Saint Lazare, c'est tout d'abord une locomotive : Stéphane Dufour. Pianiste, il compose toutes les musiques, et écrit la plupart des textes qui figurent sur le premier album du groupe. A la fin des années 1990, Stéphane rencontre Didier Derouet, guitariste. Le duo formera d'abord le groupe Mosaïque, qui deviendra ensuite Saint Lazare.
Saint Lazare? «C'est clairement une référence à la gare parisienne, explique Stéphane Dufour. La gare est un lieu qui me fascine, avec ses arrivées et ses départs.»
Ce premier album éponyme est l'aboutissement de plusieurs années de travail. Un passage en home studio, et les onze titres sélectionnées prennent forme. En septembre 2004, les deux complices commencent à façonner ce premier opus, entre Flers et Caen. Après un mastering au studio Melody Music de Caen en octobre 2005, le disque, entièrement autoproduit, est prêt à sortir, à la toute fin de l'année 2005.
«C'est un disque qui me ressemble, remarque Stéphane. Je m'y retrouve.» Les musiques tournent autour de la chanson française. L'auteur-compositeur affiche des influences telles que «Jean-Louis Murat, Daniel Darc ou encore Gérard Manset».

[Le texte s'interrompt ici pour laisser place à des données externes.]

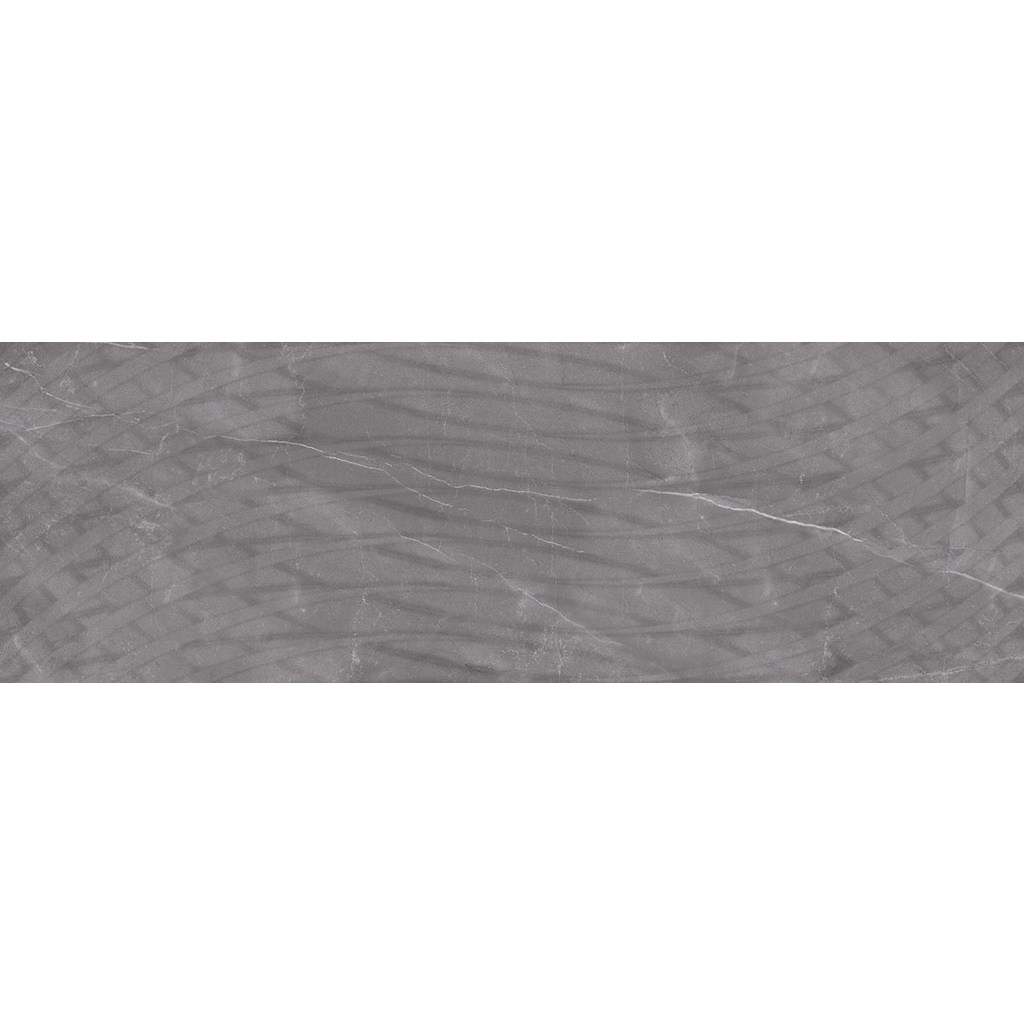 Стена Gravita Armani grey across 30x90 см ректиф.глянц. (78801842)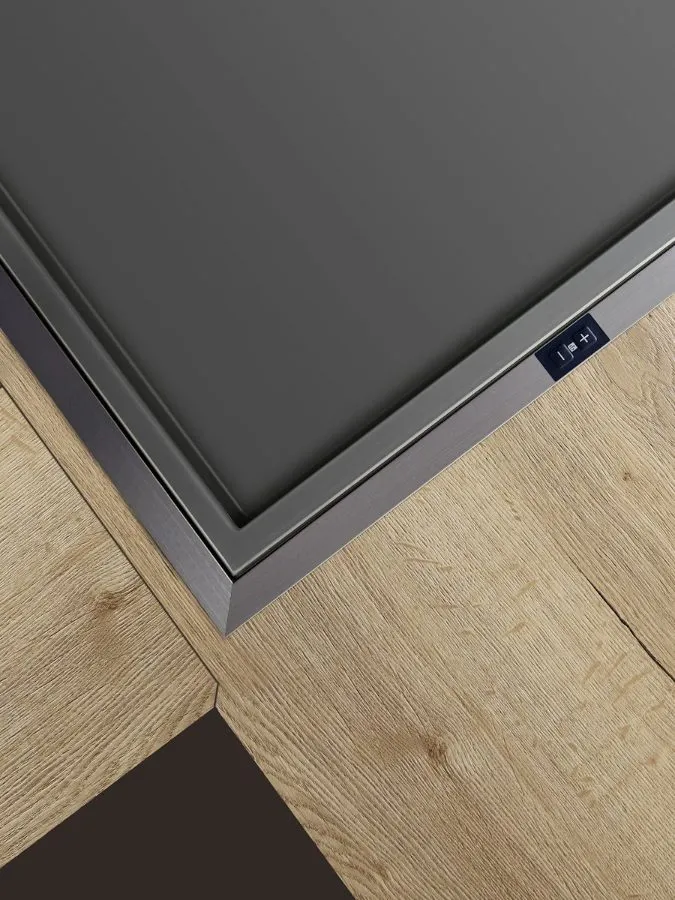 Qanto Corner Unit with Plastic Shelf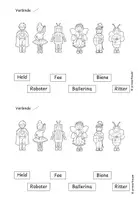 Vorschau - Mal- und Bastelvorlagen - Lies-Mal-Heft-Fasching (2-fach differenziert) - Seite 3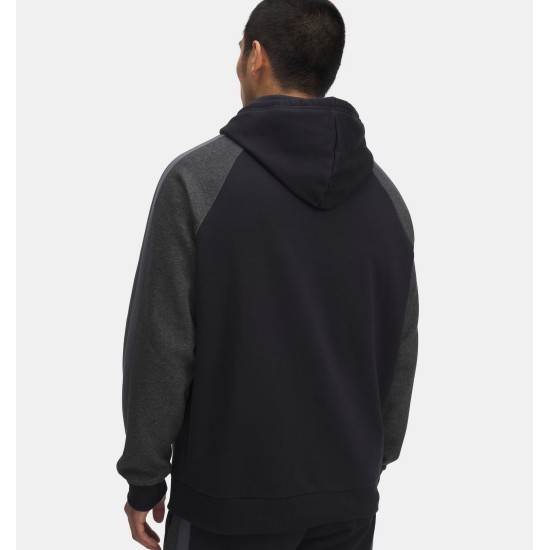 UA RIVAL FLC CB HOOD BLACK UA RIVAL FLC CB HOOD BLACK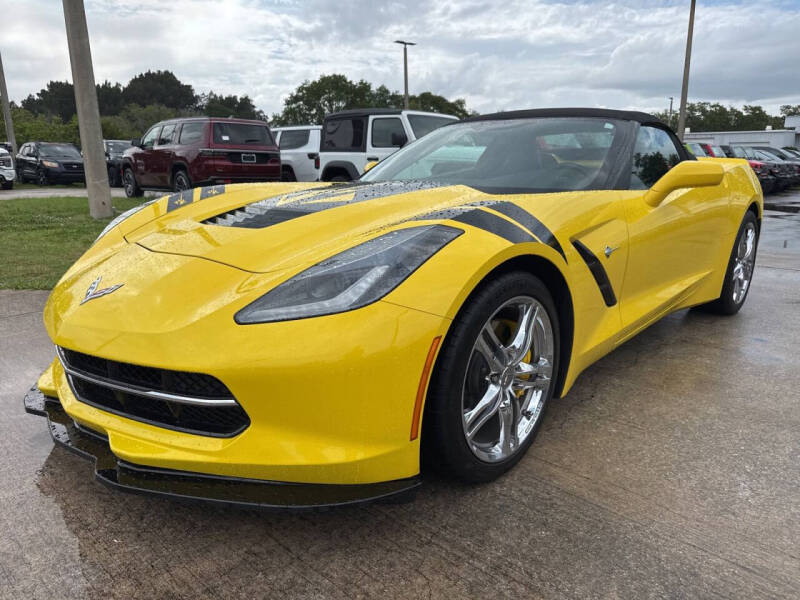 2017 Chevrolet Corvette Stingray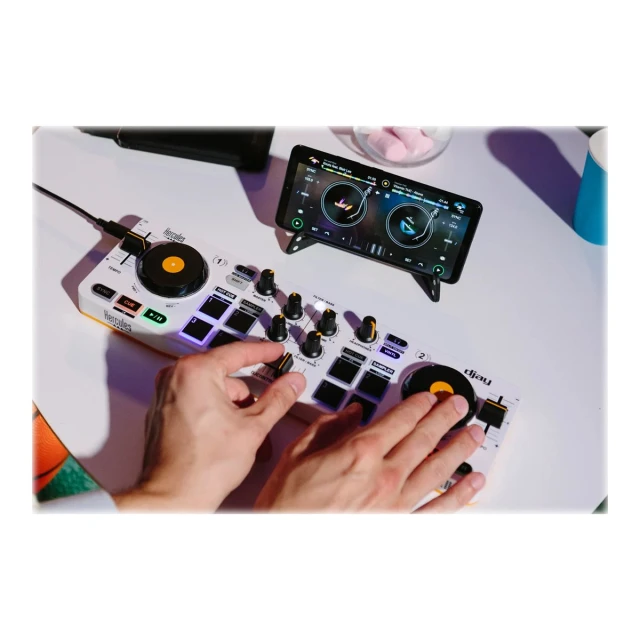 DJ-контролер Hercules DJControl Mix (3362934746216)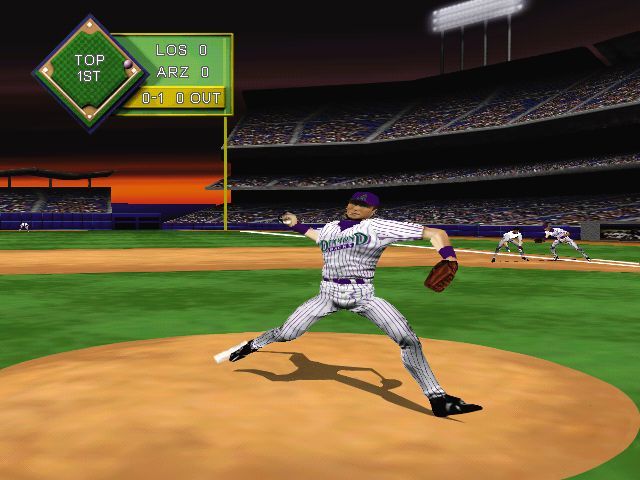 Interplay Sports Baseball 2000 Screenshot (Interplay February 1999 Press Kit)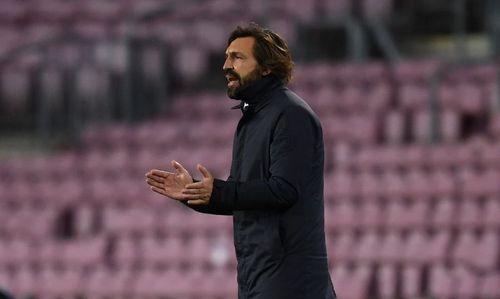 Andrea Pirlo masterminded Juventus' win against Barcelona in the UEFA Champions League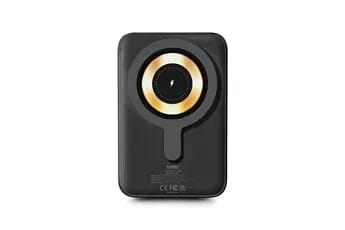 BATTERIE EXTERNE MAGNETIQUE 10.000MAH NOIRE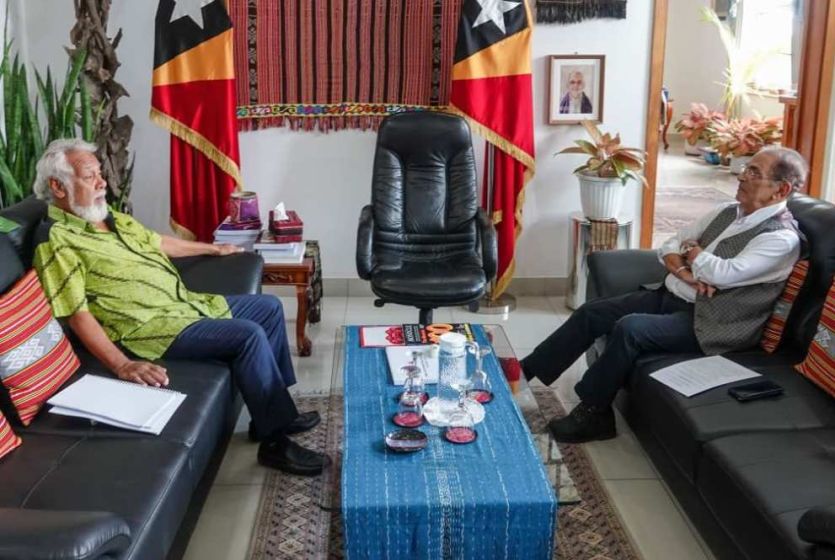 Timor-Leste President Ramos-Horta and Prime Minister Xanana Gusm&atilde;o Reinforce Regional Agenda and National Priorities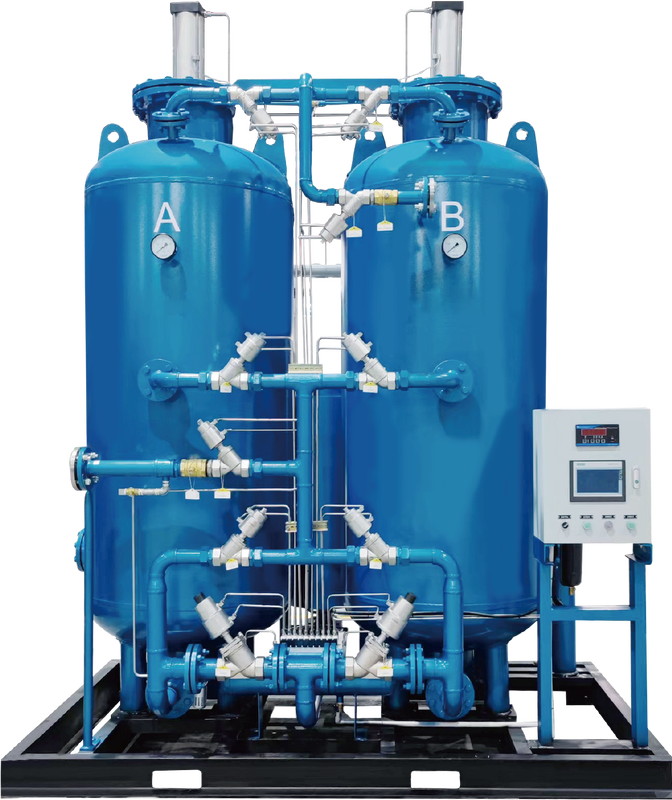 EPV-15MZ+ Plus Twin Tower PSA stikstofgenerator met 99,999% ultrahoge zuiverheid en 15Nm3/h doorstroming met PLC-besturing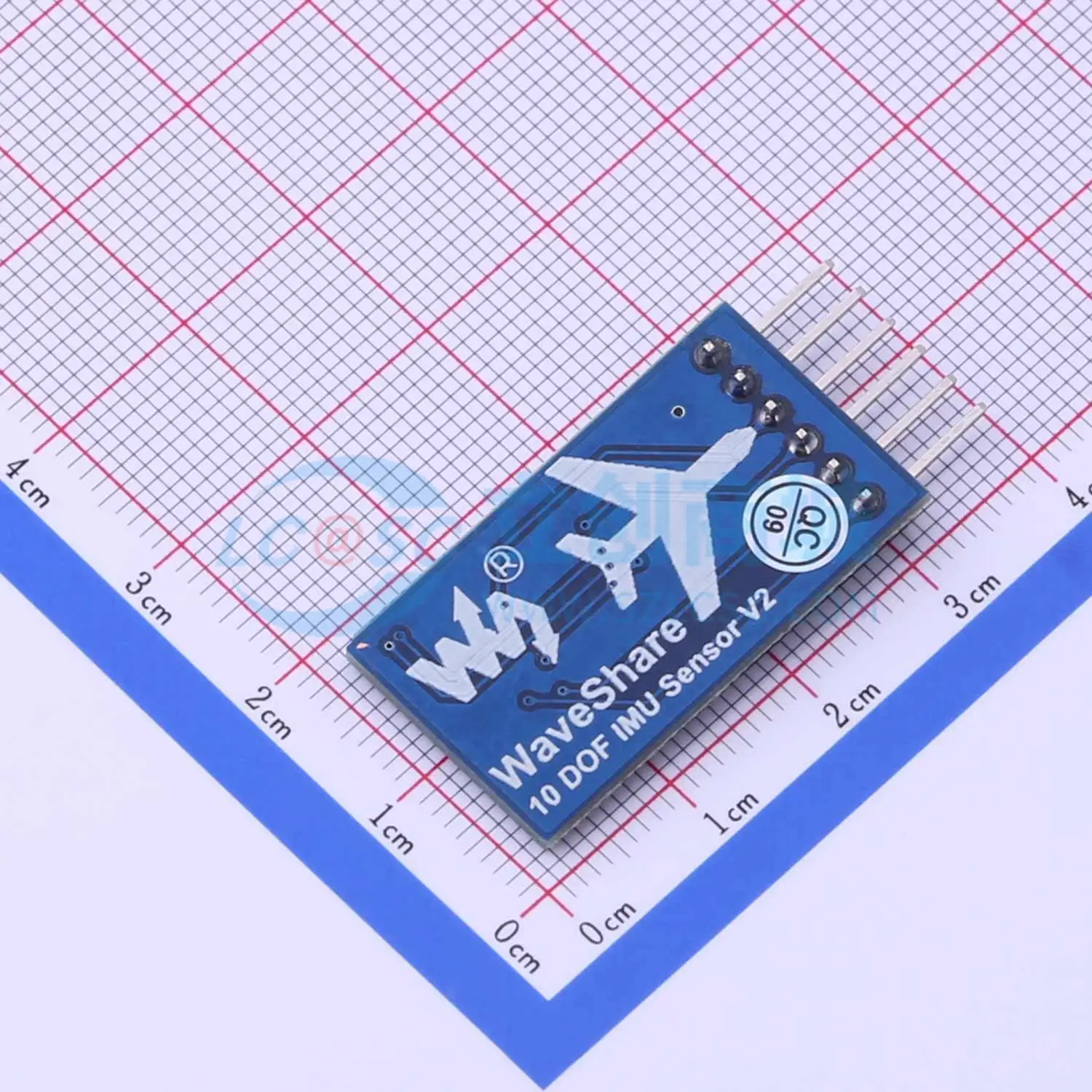 1pcs 10 DOF IMU Sensor (C) ADC Sensor Module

Pour les textes, «qui parlent notamment d'amour», Stéphane les aime « proche de la poésie, pour une plus grande liberté dans la composition».
Meilleur exemple de cet attachement à la poésie, la mise en musique, sur l'album, de «Spleen», poème de Verlaine.
Aujourd'hui, Saint Lazare souhaite vivement se tourner vers la scène. «C'est l'objectif pour cette année 2006, glisse Stéphane, qui penche plutôt vers une version plutôt acoustique, et des arrangements allégés.»